35W Bridge Collapse: Lessons Learned Two Years Later
State transportation officials are touting lessons learned and changes made since the deadly collapse of the I-35W Mississippi River span two years ago, and some of these developments point a finger of responsibility at Minnesota's bridge management practices of the recent past.
MnDOT says it has beefed up its bridge inspection and maintenance staffs, improved internal communications about bridge conditions, and revised its procedures for checking key structural members and loading bridge decks.
In addition, the state has sued its structural engineering consultants, claiming they failed to carefully assess the doomed 35W span's deficiencies. And, perhaps most tellingly, it has launched a nation-leading bridge improvement program, committing $2.5 billion to replace or rehab 120 state highway spans over the next decade.
All of this is commendable. But it also supports criticism leveled at Gov. Tim Pawlenty and former Transportation Commissioner Carol Molnau for opposing new user revenues for roads and bridges and for slashing MnDOT's maintenance operations by more than $35 million in 2003 in favor of stepped-up highway construction without tax increases.
Shortly after the tragedy of Aug. 1, 2007, killed 13 people, injured 145 and drained $60 million from the Minnesota economy, state and federal officials insisted that the cause was strictly a faulty structural design from the 1960s - something the bridge's 21st century managers couldn't know about or address.
Latest developments, however, cast significant doubt on that clean bill of blamelessness.
* MnDOT hired seven new metro bridge inspectors in April, increasing the number of inspection crews from six to seven. Statewide, that makes 84 inspectors responsible for keeping an eye on 14,000 state, county and city bridges. "They have increased their efforts, but it took them nearly two years to do it," said Jennifer Munt, spokeswoman for AFSCME Council 5, the labor union that represents many MnDOT workers. "MnDOT still lacks the staff and the funds it needs to keep motorists safe."
* MnDOT's maintenance staff has grown by 281 AFSCME workers since the beginning of 2008, Munt said. This could begin to correct a chronic problem of bridge inspection findings being ignored because "MnDOT was broke," she added. But there's a catch. The Legislature this year transferred $35 million from MnDOT operations to reserves that could cover new construction cost overruns. "They've repeated the administration's mistakes," Munt said. "We're revisiting the problems of the past."
* MnDOT has new guidelines limiting the weight of thicker pavement and construction materials that can be placed on bridges. Such additions put hundreds of tons of new stress on the old 35W bridge over the years. And MnDOT engineers say they are paying more attention to bridge structural deficiencies noted by inspectors.

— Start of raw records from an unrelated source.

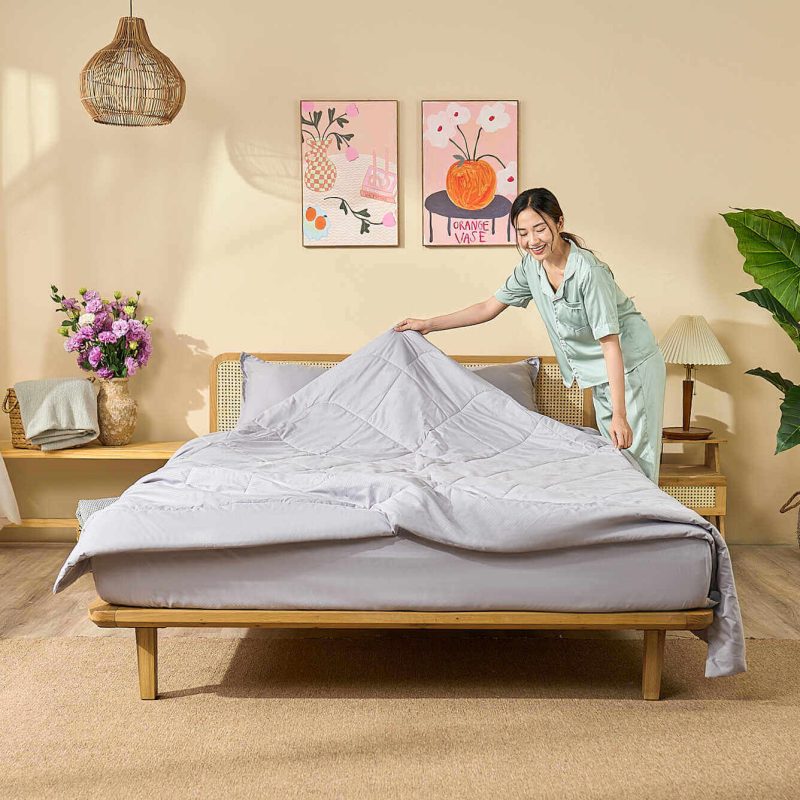 Bộ chăn ga chun Amando Rina mềm mại 5 chi tiết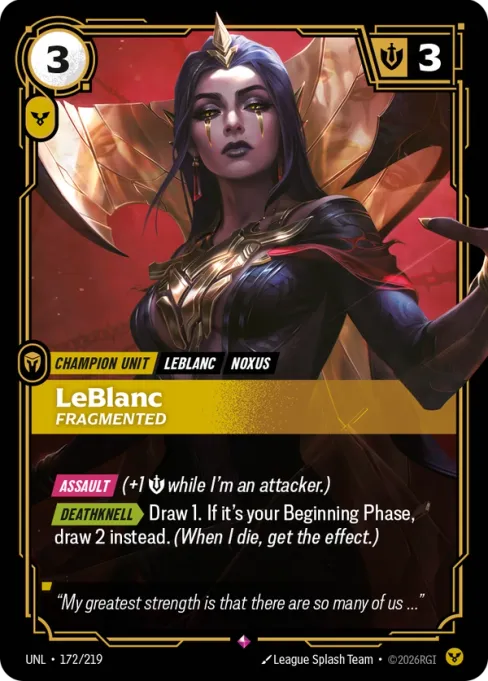 LeBlanc, Fragmented, UNL-172/219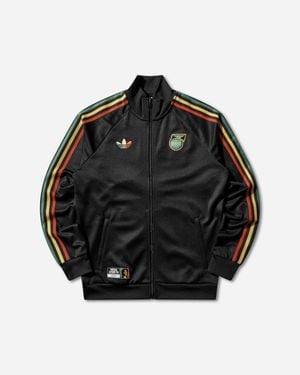 adidas Men S Bob Marley Jamaica Originals Track Top - Black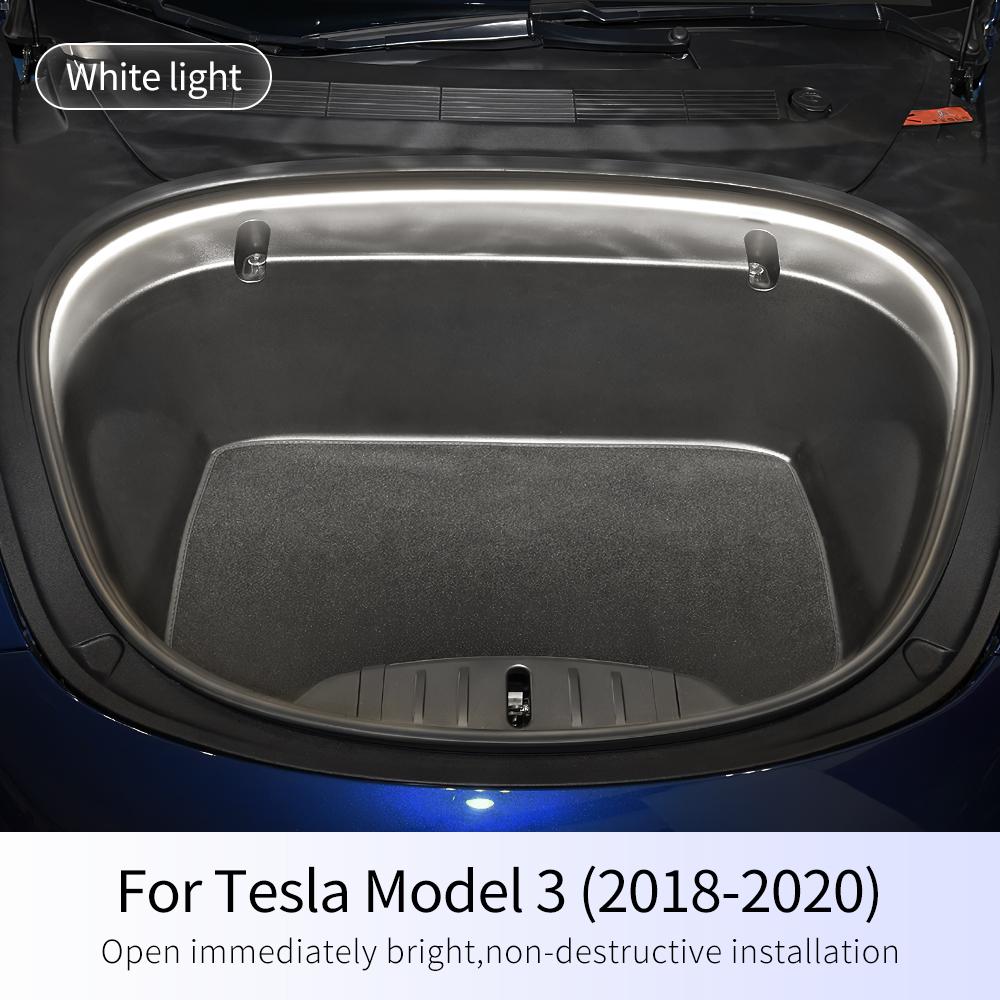 2.4M LED Car Front Trunk Light Strip Easy Tall Modified Lighting for Tesla Model 3 Y Waterproof Neon Lamp Front Trunk LED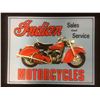 Image 1 : INDIAN MOTORCYCLES TIN SIGN (20" X 16")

* URS Corp., the engineering consultants being sued by the state, urged a $2 million project in 2006 to reinforce gusset plates on the 35W span - steel girder connectors whose failure is the official chief cause of the collapse. Less than a year before the disaster, MnDOT rejected the recommendation. "That happens many times," Molnau told the Start Tribune in November 2007.
* Finally, in the most aggressive response by any state in the wake of the 35W collapse, MnDOT quickly closed several other major bridges suspected of similar structural failings. Some have reopened and are scheduled for accelerated replacement - thanks to the Legislature's override in February 2008 of Pawlenty's veto of much-needed transportation funding.
As the Mankato Free Press editorialized about the 35W tragedy last year, "MnDOT officials, because of budget concerns, did not properly fix what was clearly a bridge that needed major repairs [and] had been rated severely deficient for 17 years ... It should give public officials pause the next time they think about keeping investments low to achieve a tax ranking. Our zeal to improve our tax ranking apparently trumped our zeal to keep the public safe."
Whoever or whatever was really to blame for the 35W disaster, Minnesota should never again shortchange its best efforts to make sure our bridges are safe to cross.